Although six years have passed since I first received that statement from Gemma herself, I have read it over and over again and it always seems to me more exquisitely touching. Here is another. The form is always the same.
"I was sitting in bed, not having yet gone to sleep. It seemed as if a beautiful lady drew near me and moved to kiss me. I was taken out of myself and was no longer in the world. I immediately made a thousand protests, according to the instructions given me. My heavenly Mother [and it was truly she, although Gemma showed doubts of it at first] looked at me, smiled and said: "Dear child!" Father [Germanus], forgive me if I yielded too quickly, but I let my Mother do as she pleased, and she took me in her arms. I nearly died, yes, died, of sweetest consolation Oh, how many loving caresses! .. She loves me so much! She said she had come for my bouquet, don't you know? She found me so poor, and she encouraged me to practice virtue, particularly humility and obedience. She said some words that I did not understand, and then added: "My child, labor to refine your spirit and become perfect quickly." What happened then I do not know. That "quickly" caused such a violent movement in my heart, on which my Mother placed her lovely hand, that I could not speak, but mentally I asked her for an explanation. I opened my eyes and made my request through them. She answered me thus: "Tell thy Father (Father Germanus -editor), that if he does not see to you [to enclose her in a convent], I will take you soon to paradise!" She kissed me saying: "If he does not do this quickly, we shall be together more quickly than he imagines."

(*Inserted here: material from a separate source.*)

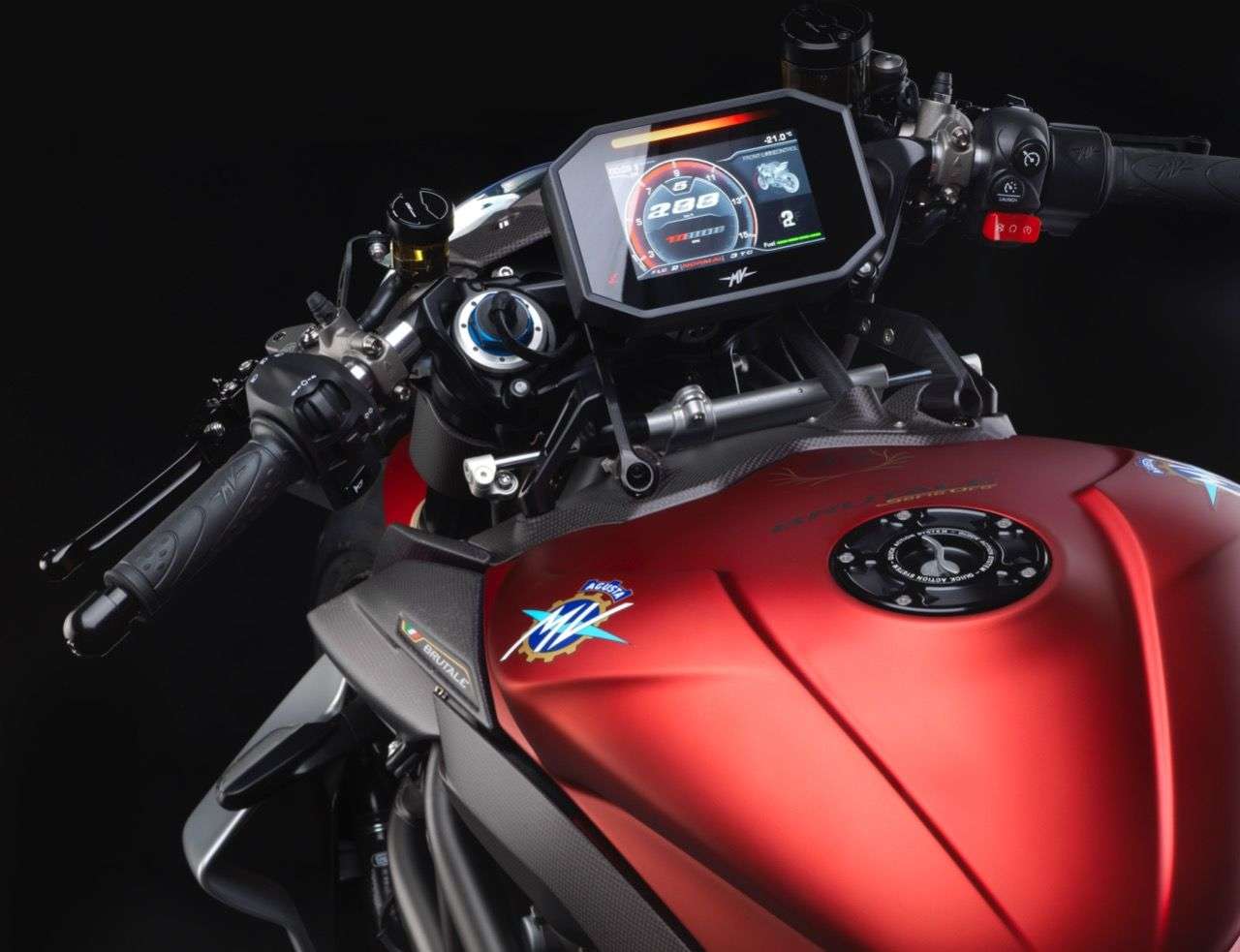 Normalerweise taugen uns TFT-Bildschirme, bei der MV Agusta Brutale 1000 Serie Oro sind wir uns da nicht so sicher ... die Oberfläche sieht aber sehr fein aus. Das Naget Bike ist übrigens keineswegs ein Single Seater: Statt der Carbon-Abdeckung (rechts, wird mitgeliefert), kann man einen Sattel für mutige Beifahrer montieren.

It happened precisely as she said, and I still feel remorse because of it. In less than a year Gemma quite unexpectedly fell sick and went to Heaven.

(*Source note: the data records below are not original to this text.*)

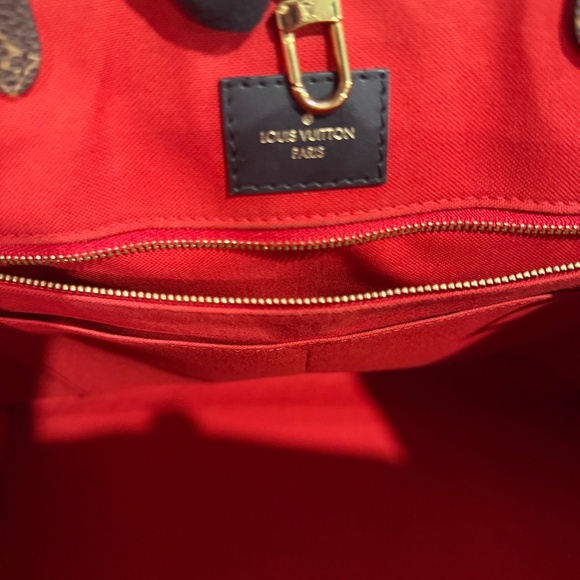 Authentic Louis Vuitton ONTHEGO GM - Picture 9 of 10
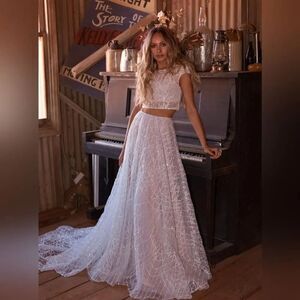 Evie Young Lyric Wedding Dress size 8, Brand NEW, 2 Piece Ivory/Latte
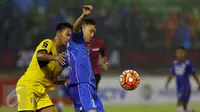 Pemain tengah Persib, Shohei Matsunaga mencoba lolos dari kawalan pemain Mitra Kukar FC saat laga 8 besar Piala Presiden 2017 di Stadion Manahan Solo, Sabtu (25/2). Persib unggul 3-2. (Liputan6.com/Helmi Fithriansyah)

"Oh Father, Oh Father!" she continued, "after such things, how contemptible the world appears! I don't know if you have ever had this experience. Oh, how beautiful our heavenly Mother is! Have you ever seen her? Although I have already seen her very often, yet my ardent desire to see her again remains."
On another occasion the Holy Mother appeared with her Divine Son as a beautiful child, and with her own hands placed Him in Gemma's arms. She, trembling, pressed Him to her heart and kissed Him with much love. The Divine Infant did the same, and having instructed her on heavenly matters, ended by giving her His blessing. She gave Him to His Mother, and the vision vanished.
I cannot say how often that happened, but I have a distinct recollection of three instances. On four other occasions Our Lord appeared to her as a tender infant, but without the Blessed Mother accompanying Him.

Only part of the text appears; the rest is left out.